Wong is alleged to have had influence over AT&T Services' selection of seismic anchors. Id. ¶ 27. In particular, Plaintiff alleges that on 21 May 2008, Wong wrote an email referring to Boykin's anchors in which he stated that there were "concerns over product performance based on testing conducted years ago." Id. ¶ 43 (emphasis omitted). Plaintiff alleges further that on 1 March 2010, Wong recommended in internet postings that "Seisco anchors should not be used because of performance questions." Finally, Plaintiff alleges that on 22 March 2010, Wong wrote an email stating that "[AT&T Services'] should only be using Hilti[, Inc.] anchors per most recent AT&T requirements." Id. ¶58. Plaintiff contends that as a result of Wong's false statements, distributors have discontinued buying and distributing Boykin/Seisco anchors. Id. ¶ 65.
Hilti, Inc. ("Hilti") also produces seismic anchors and according to Plaintiff, is Boykin's sole competitor for AT&T-related business. Pl.'s Compl. ¶ 21.

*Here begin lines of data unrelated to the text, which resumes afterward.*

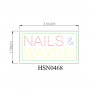 NAILS WAXIMG LARGE LED SIGN HSN0241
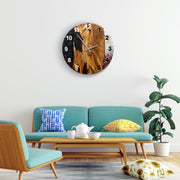 Live Edge Rustic Olive Wood Wall Clock, Olive Wood Wall Clock - Custom Made Resin , Home gift, New Home Gift (Kopya) (Kopya)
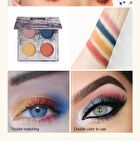 4-Color Matte Eyeshadow Palette - 3 Types - 02# - 5g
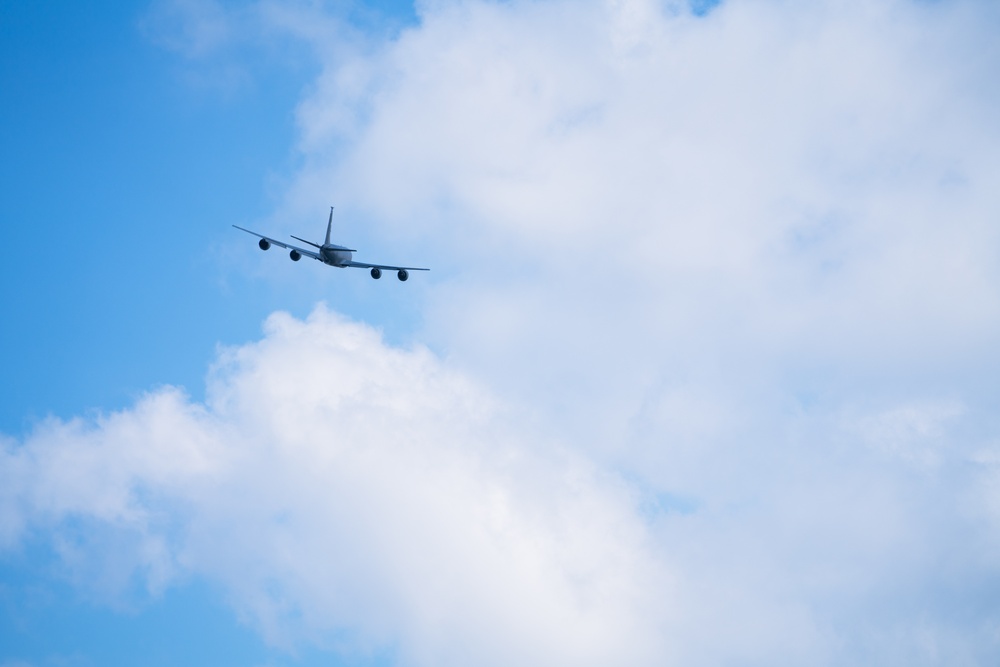 KC-135 Stratotanker aircraft departs from MacDill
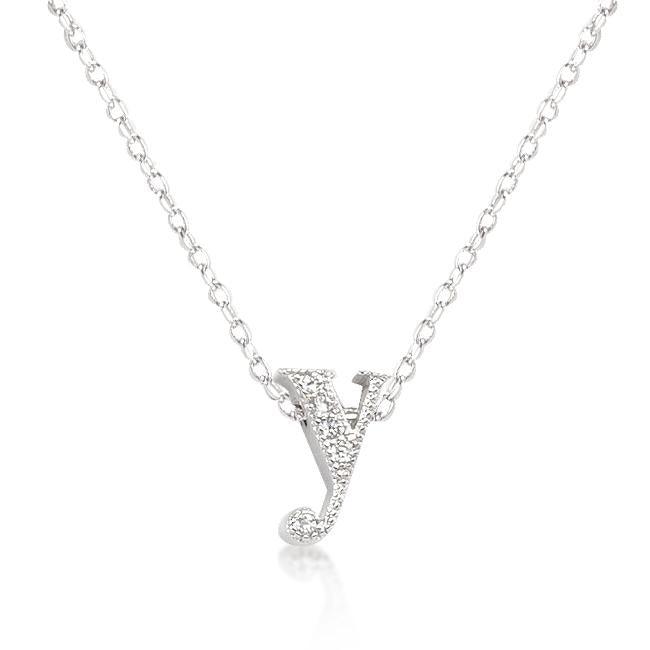 Micro-Pave Initial Y Pendant - AMIClubwear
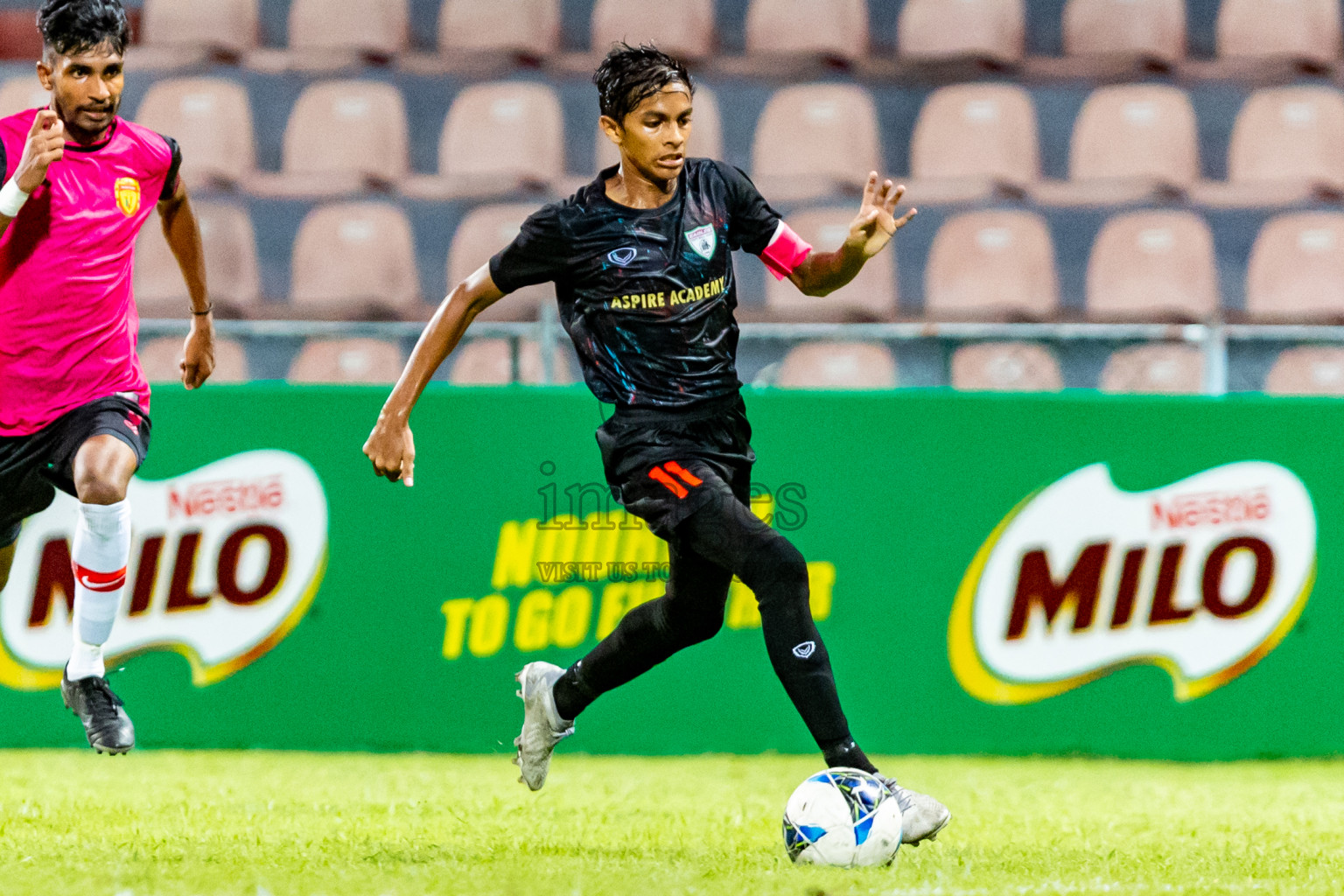 United Victory vs Club Eagles in Day 2 of Under 19 Youth Championship 2024 was held at National Stadium in Male', Maldives on Monday, 10th June 2024. Photos: Nausham Waheed / images.mv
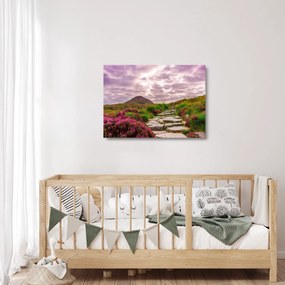Sklenený obraz krajiny (70x50 cm)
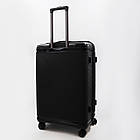 Валіза дорожня 3 в 1 трійка на колесах поліпропілен 77*50 см у різних кольорах Cans Чорний, фото 3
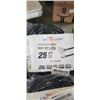 Image 2 : 2 HEAVY DUTY 25 FT BLACK LIGHTED 3 OUTLET EXTENSION CORDS. 12AWG/3C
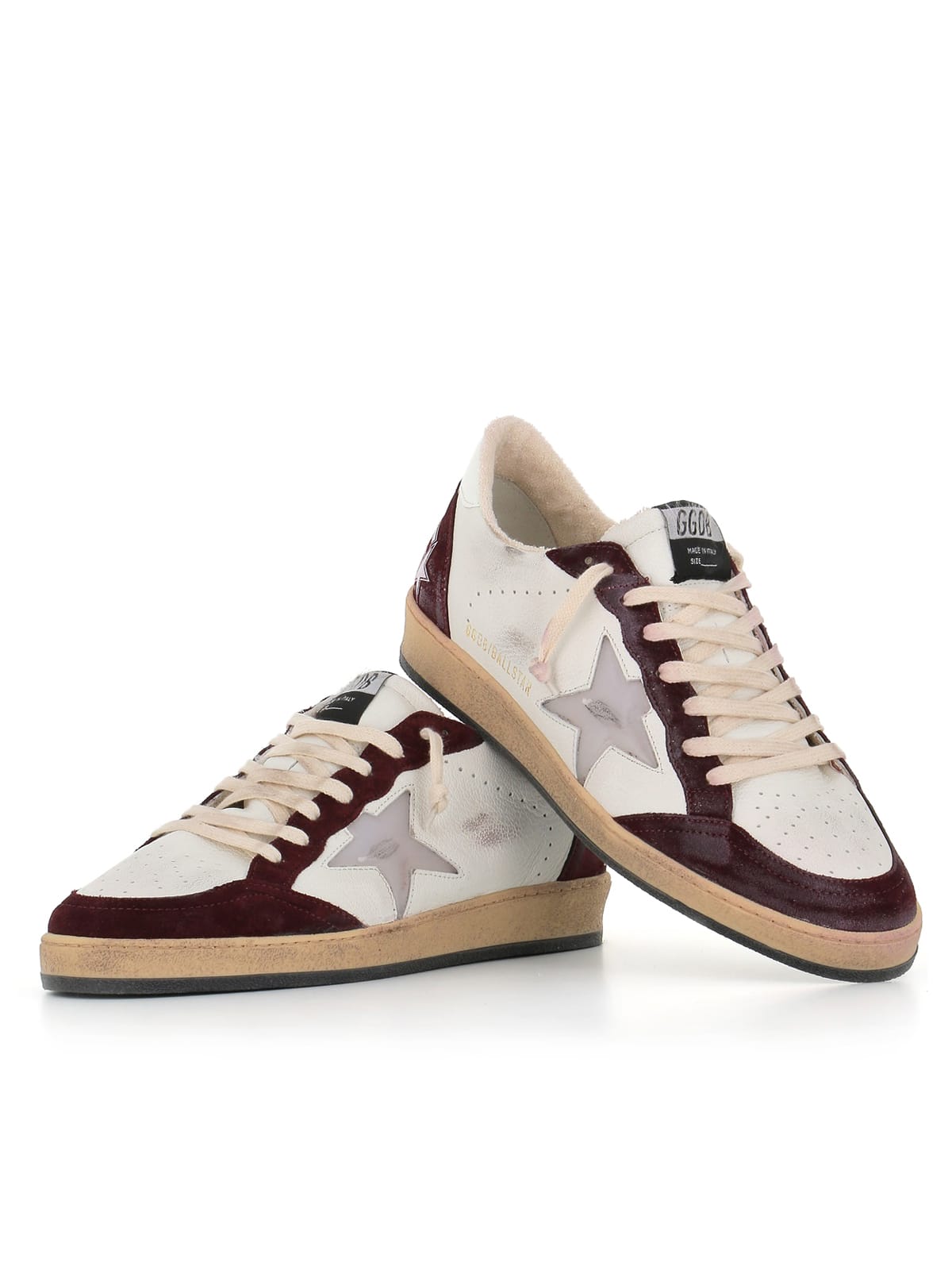 Golden Goose Men's Ballstar Leather And Suede Low-top Sneakers In Red ...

On 27 April 2011, the court entered its Case Management Order ("CMO") [DE-38], directing the parties to, inter alia, complete all discovery by 31 December 2011. On 6 May 2011, Boykin served its First Request for Production of Documents ("RPDs") on Defendant. Pl.'s Am. Mot. Order Compel Defs.' Produc. Disc. ("Pl.'s Am. Mot. Compel") at ¶ 3 [DE-58]; Pl.'s First RPDs [DE-59.1, DE-59.2]. Responses were served on Plaintiff on 11 July 2011, which included numerous general and specific objections. [DE-59.4, DE-59.5]. On 18 August 2011 and 8 September 2011, the court held telephonic discovery conferences with the parties regarding disputed discovery requests. According to the parties, while much of the dispute has been resolved and discovery has been produced, four of Plaintiff's discovery requests for the production of documents remain in dispute and are the subject of Plaintiffs motion.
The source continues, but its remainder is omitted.